14 Y cualquiera que no os recibiere, ni oyere vuestras palabras, salíd de
aquella casa ó ciudad, y sacudíd el polvo de vuestros piés.

15 De cierto os digo: [Que el castigo] será más tolerable á la tierra de
Sodoma, y de Gomorra en el dia del juicio, que á aquella ciudad.

16 He aquí, yo os envio, como á ovejas en medio de lobos: sed pues prudentes
como serpientes, y sencillos como palomas.

17 Y guardáos de los hombres; porque os entregarán á los concilios, y en sus
sinagogas os azotarán.

18 Y aun ante gobernadores y reyes seréis llevados por causa de mí, para
testimonio contra ellos, y los Gentiles.

19 Mas cuando os entregaren, no os congojéis como, ó qué habéis de hablar;
porque en aquella hora os será dado que habléis.

20 Porque no sois vosotros los que habláis, sino el Espíritu de vuestro
Padre, que habla en vosotros.

21 El hermano entregará al hermano á la muerte, y el padre al hijo: y los
hijos se levantarán contra los padres y los harán morir.

22 Y seréis aborrecidos de todos por causa de mi nombre; mas el que lo
soportare hasta el fin, este será salvo.

23 Mas cuando os persiguieren en esta ciudad, huid á la otra; porque de cierto os digo, [que] no acabaréis de andar todas las ciudades de Israel, que no venga el Hijo del hombre.

24 El discípulo no es más que su Maestro, ni el siervo más que su Señor.

25 Bástele al discípulo ser como su Maestro, y al siervo como su Señor: Si
al [mismo] padre de familias llamaron Belzebú, )cuánto más á los de su casa?

26 Así que no los temáis porque nada hay encubierto que no haya de ser
manifestado; y [nada] oculto que no haya de saberse.

27 Lo que os digo en tinieblas, decíd[lo] en luz; y lo que oís á la oreja,
predicád[lo] desde los tejados.

28 Y no tengáis miedo de los que matan el cuerpo, mas al alma no pueden matar: teméd ántes á aquel que puede destruir el alma y el cuerpo en el infierno.

29 )No se venden dos pajarillos por una blanca? Y uno de ellos no caerá á tierra sin vuestro Padre.

30 Y vuestros cabellos tambien, todos están contados.

31 No temáis pues: más valéis vosotros que muchos pajarillos.

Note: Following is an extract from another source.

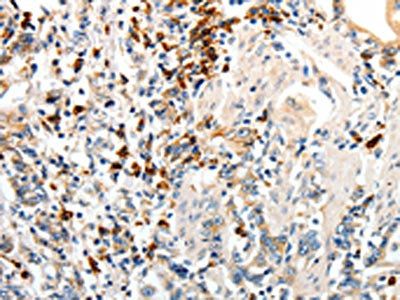 CD93 Antibody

32 Pues cualquiera que me confesare delante de los hombres, le confesaré yo
tambien delante de mi Padre que está en los cielos.

33 Y cualquiera que me negare delante de los hombres, le negaré yo tambien
delante de mi Padre, que está en los cielos.

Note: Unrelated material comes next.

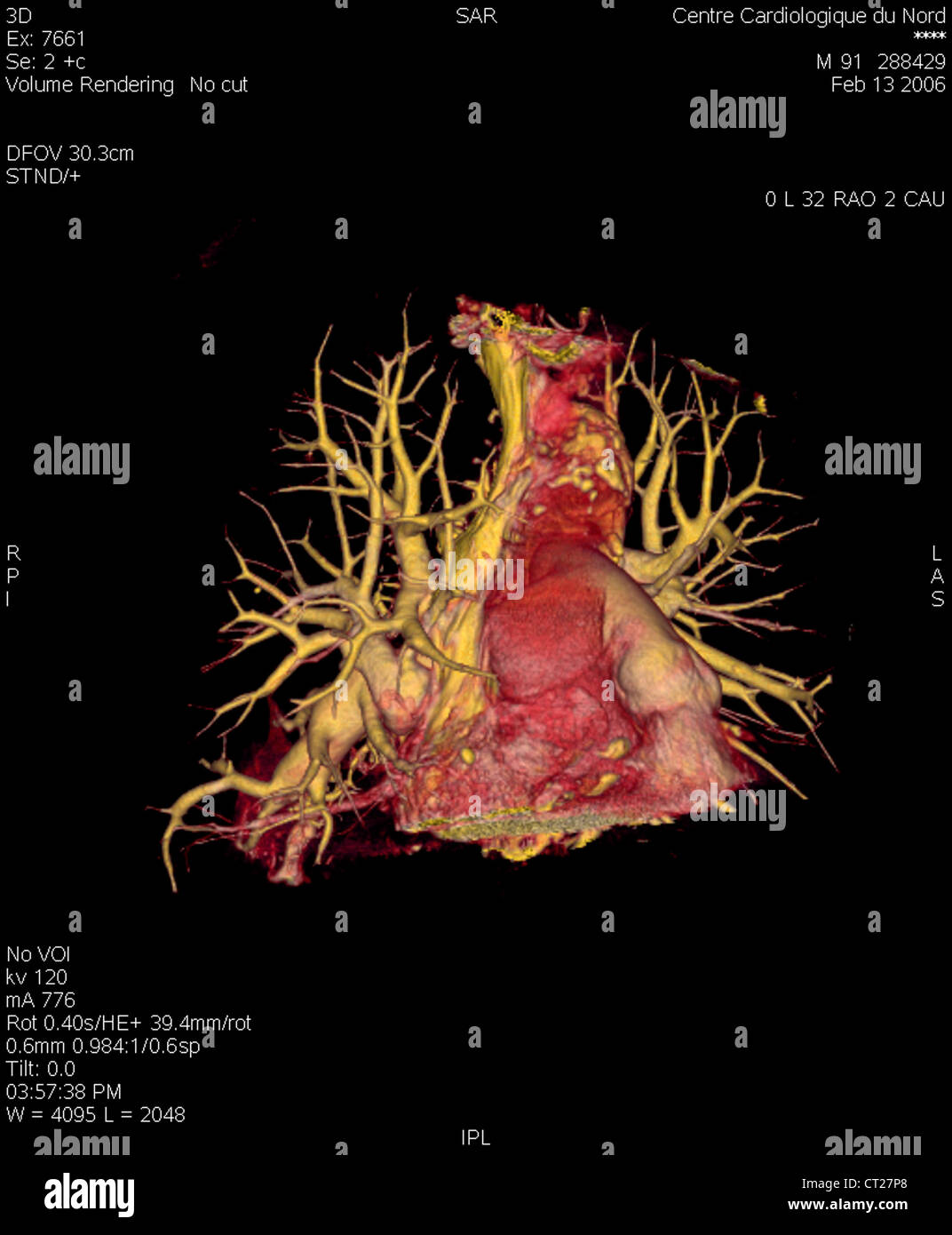 Vascularisation pulmonaire Banque de photographies et d’images à haute — free download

34 No penséis que he venido para meter paz en la tierra: no he venido para
meter paz, sino espada.

35 Porque he venido para poner en disension al hombre contra su padre, y á
la hijo contra su madre, y á la nuera contra su suegra.

36 Y los enemigos del hombre [serán] los de su casa.

37 El que ama á padre ó á madre más que á mí, no es digno de mí; y el que ama á hijo ó á hija más que á mí, no es digno de mí.

38 Y el que no toma su cruz y sigue en pos de mí, no es digno de mí.

39 El que hallare su vida, la perderá, y el que perdiere su vida por causa
de mí, la hallará.

40 El que os recibe á vosotros, á mí recibe; y el que á mí recibe, recibe al
que me envió.

41 El que recibe á un profeta en nombre de profeta, galardon de profeta recibirá; y el que recibe á un justo en nombre de justo, galardon de justo recibirá.

42 Y cualquiera que diere á uno de estos pequeñitos un jarro de [agua] fria solamente, en nombre de discípulo, de cierto os digo, que no perderá su galardon.